Exhibit 10.102
AMENDMENT NUMBER FOUR TO THE
METLIFE AUXILIARY PENSION PLAN
(As amended and restated effective January 1, 2008)
The MetLife Auxiliary Pension Plan is hereby amended, effective January 1, 2010,
as follows:
1.     Part I Article 2, Section 2.2. is hereby deleted in its entirety. All
references to Section 2.2 shall be changed to the past tense and the word
“former” shall be inserted before the words “Section 2.2” where referenced in
all other Sections and subsections of Part I of the Plan. As of January 1, 2010,
no additional Participants can qualify under Section 2.2 of the Plan.

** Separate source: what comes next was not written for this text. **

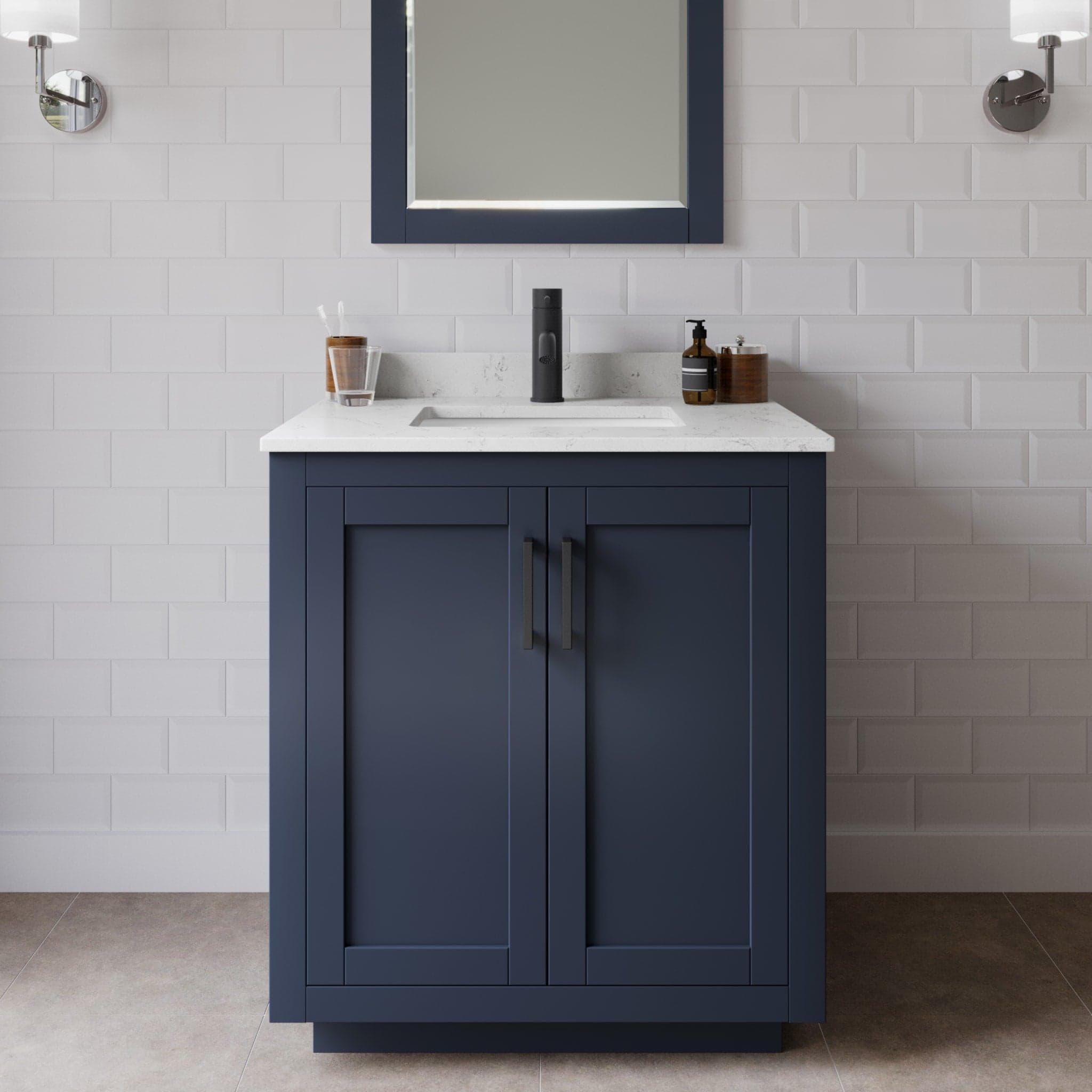 Miranda Single Bathroom Vanity - 30W x 33.75H x 22D - irzmoio3fzcztx7xwuyw@2x.jpg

2.    Part I, Article 4, Section 4.1 shall have a new subsection (e) added to
read as follows:
“(e) PRA/PLS Benefit. “PRA/PLS Benefit” means a benefit that is either a
Personal Retirement Account benefit or a Performance Pension Account benefit
under the Retirement Plan. Likewise, any benefit referred to as a “non PRA/PLS
Benefit” or “not a PRA/PLS Benefit” refers to benefits under the Retirement Plan
that are not PRA/PLS Benefits.”

3.    Part I, Article 4, Section 4.6, the first paragraph of the Section is
hereby amended to read as follows:
“4.6    Only for an individual who was eligible under former Section 2.2 as of
December 31, 2009, Final Average Compensation used to determine the largest
amount that would have been payable under Article 4.2(a) above, will be based on
the following rules, notwithstanding the actual provisions of the Retirement
Plan.”
4.    Part I, Article 4, Section 4.6 is hereby amended by adding a new
subsection (c) immediately after (b) and before the final paragraph:
“(c) For eligible Participants who are not Commissioned Employees and who
separate from service on or after January 1, 2010 the following provisions apply
in lieu of (a) and (b) above:
(i) Final Average Compensation will be calculated at separation from service in
the same manner that Final Average Compensation is calculated under the
Retirement Plan (hereinafter “Calculation #1”).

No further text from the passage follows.